Lazlo Moholy |
Estaba en
Kualalumpur, en una calle atestada por un gentío que hablaba con gritos a
diestra y siniestra. Un griterío como en un mercado eterno y extenso. Por el
uniforme de los guardias, sus anchas libretas de apuntes, pensé que había
ocurrido un accidente de tránsito en una de esas calles que apenas se puede
caminar. Espere más de quince horas mientras estacionaba una ambulancia pintada de verde, (que me pareció grave cuando esos transportes siempre son en blanco) como la
sábana que ahora un joven guardia me tiraba encima del cuerpo. En peso me
levantaron hasta la camilla y seguidamente fui colocado en la parte de atrás
del vehículo.
Recuerdo cuando llegué aquí a Kualalumpur a un curso de radio
operador. Mi estadía iba durar unos dos meses. Por el idioma, una jerga como si
hablaras al revés, hizo que me quedara unos tres meses. Pues las clases
terminaban como a las seis de la tarde, de allí que me decidía a recorrer las
plazas y mercados y calles alrededor del hotel para no arriesgarme hacia otras
calles amenazantes como las que existen en todas las ciudades. Pero lo que más
me gustaba era irme a los muelles que por cierto estaban cerca. Había puestos
de venta callejeros de mariscos y barcos amarrados y así fue como conocí a Xiu
una vietnamita hija de un coronel suramericano. Es raro, verdad? Lo mismo me
dije. Pero recuerden que en esa guerra se involucraron gentes de otras partes.

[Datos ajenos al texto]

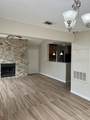 662 Youngstown Parkway - Photo 3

Su padre suramericano había estado tres años en Saigón como espía de los boinas
verdes. Ella era una consumada consumidora de pulpo. Nos topamos en una tolda
improvisada y quedamos hablando y comiendo juntos. En los primeros cuarenta
días que estuve nos enamoramos. Yo dejé
el curso de radio operador, total para qué, si conociendo a Xiu tenía toda la
vida que jamás había tenido. A su padre no lo había conocido, según me explicó
estaba por Escocia aprendiendo las técnicas de construcción de gaitas y al
regreso pondría una pequeña fábrica aprovechando la abundante y miserable mano
de obra barata kualalumperense. Entonces ocurrieron dos situaciones: a) los que
me enviaron al curso fueron sorprendidos por mi renuncia y no les gustó nada lo
que habían pagado y de pronto me salía con eso de renunciar porque como dicen
“dos tetas jalan más que una carreta”, expresión que le escribí y no creo que
les gustó y lo que querían era cobrarme la plata del curso, b) al padre de Xiu, como viejo sabueso espía,
ya le habían adelantado nuestro amorío y no le había gustado nada que su hija
escogiera a un latinoamericano como esposo, porque, como se lo dijo, el único
cabrón soy yo y cosas por el estilo de los militares.
Entonces las cosas
empezaron a complicarse, la agencia donde había renunciado mandó a tres
detectives, dos gordos y uno flaco (éste último drogadicto) para traerme de
vuelta vivo o muerto. Para que pague las consecuencias (se refería a la plata)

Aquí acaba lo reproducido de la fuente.